Obama’s Education Department has given unprecedented attention to reducing racial disparities in school discipline, issuing the first set of national guidelines in 2014 and making clear that it would hold districts accountable for discriminatory practices. Policy experts think these efforts will fall quickly by the wayside in the coming years.

In a press conference following Trump’s victory, David Cleary, the chief of staff for Republican Senator Lamar Alexander, who chairs the Senate Committee on Health, Education, Labor and Pensions, said his boss believes the Office for Civil Rights should be reined in. “There will be aggressive oversight from Congress to make sure it shrinks back to its statutory authority and responsibilities,” Cleary said.
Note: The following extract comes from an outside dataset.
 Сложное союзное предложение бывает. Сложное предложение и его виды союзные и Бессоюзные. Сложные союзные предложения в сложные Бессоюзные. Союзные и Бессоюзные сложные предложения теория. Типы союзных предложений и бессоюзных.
Another major threat to the Education Department is a significant loss of institutional knowledge. Politico reported that the agency is already experiencing a loss of morale since the election, and bracing for a serious brain drain: Many veteran employees who have served for decades, in addition to younger staff who entered government under Obama, are considering leaving because they don’t want to work for a President Trump.

Common Core

One crowd-pleasing element of candidate Trump’s stump speech was his promise to “kill” Common Core—the standards launched in 2009 that lay out what all K–12 students are expected to learn in English and math. The standards, which were created by a coalition of state governors, and incentivized by the Obama administration through the federal Race to the Top program, have been a flashpoint for conservatives, who see them as a threat to “local control.” Trump vowed to eliminate Common Core through the so-called School Choice and Education Opportunity Act—part of the legislative agenda he says he’ll focus on during his first 100 days. DeVos now stresses that she does not support Common Core, although an organization she founded—the Great Lakes Education Project, which she also funded and served as a board member for—strongly backed the standards in 2013.

While there are limits to what Trump and DeVos could do to end the Common Core standards (they are state standards, after all), Trump’s executive bully pulpit could certainly help embolden Common Core opponents on the local level.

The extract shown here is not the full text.